Per-layer precision optimization level#

Overview#

Per-layer Precision Optimization Level (POL) is a powerful feature that allows for fine-grained control over the precision level of individual operations within a model. This capability offers significant advantages in terms of improving model convergence stability and addressing numerical issues associated with low-precision data types used in kernels.

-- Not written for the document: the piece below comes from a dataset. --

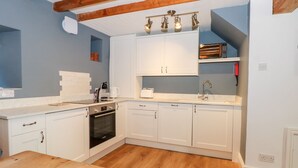Una cocina moderna con armarios blancos, una mesa de madera y un horno empotrado.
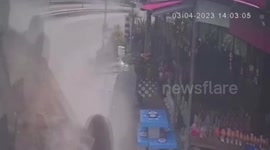 Out-of-control pick-up flips over after ramming front of shop in Thailand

Per-layer POL vs. Per-model POL#

There are two types of POL: per-model POL and per-layer POL.

Per-model POL

This approach sets a single precision level for the entire model using the CsConfig.precision_opt_level parameter. This method provides a simple and efficient way to control model precision but lacks the granularity to address specific numerical challenges in individual layers.

Per-layer POL

This approach allows for individual operations (layers) to be annotated with specific precision levels, including both forward and backward passes. This granularity enables a more precise and targeted approach to optimizing model performance and addressing numerical issues. It is achieved by utilizing the cstorch.pol decorator to annotate specific functions within the model code. The granularity of the POL annotation is determined by the content of the decorated function, allowing for individual operations or blocks of operations to be targeted. Importantly, per-layer POL overrides any per-model POL settings, ensuring that the specific operation precision takes precedence.

CSTorch API#

To annotate a layer or set of layers, use the cstorch.pol decorator. For example:

@cstorch.pol(level=0)
def fc1(x):
    out = self.fc1(x)
    return F.relu(out)

out = fc1(x)

This example demonstrates utilizing the cstorch.pol decorator to annotate all operations within the fc1 function with a precision level (POL) setting of 0. By default, cstorch.pol applies the specified precision level to both the forward pass operations as well as their corresponding gradients computation operations during backpropagation. However, the decorator accepts parameters to allow configuring precision policies independently for forward versus backward passes.

For example:

@cstorch.pol(bwd_level=0) # annotates only bwd pass ops.
def fc1(x):
    return self.fc1(x)

An alternative way of using the decorator is to pass a layer as a parameter instead of wrapping a function. For example, the example above is equivalent to:

cstorch.pol(bwd_level=0)(  # set POL parameters
    self.fc1                 # pass a layer (callable)
)(hidden_states)           # pass layer input arguments

To implement per-operation precision level (POL) annotations, the cstorch.pol API communicates with the Cerebras PyTorch backend. Specifically, it tags IR nodes in the Layerwise Tensor Compiler (LTC) intermediate representation with precision level attributes. These attributes are then propagated through the subsequent compilation stages on the Cerebras accelerator backend.

Note

Current implementation of per-layer POL only supports annotating MatMul operations. While future updates may expand support to additional operations, this limitation is currently in place.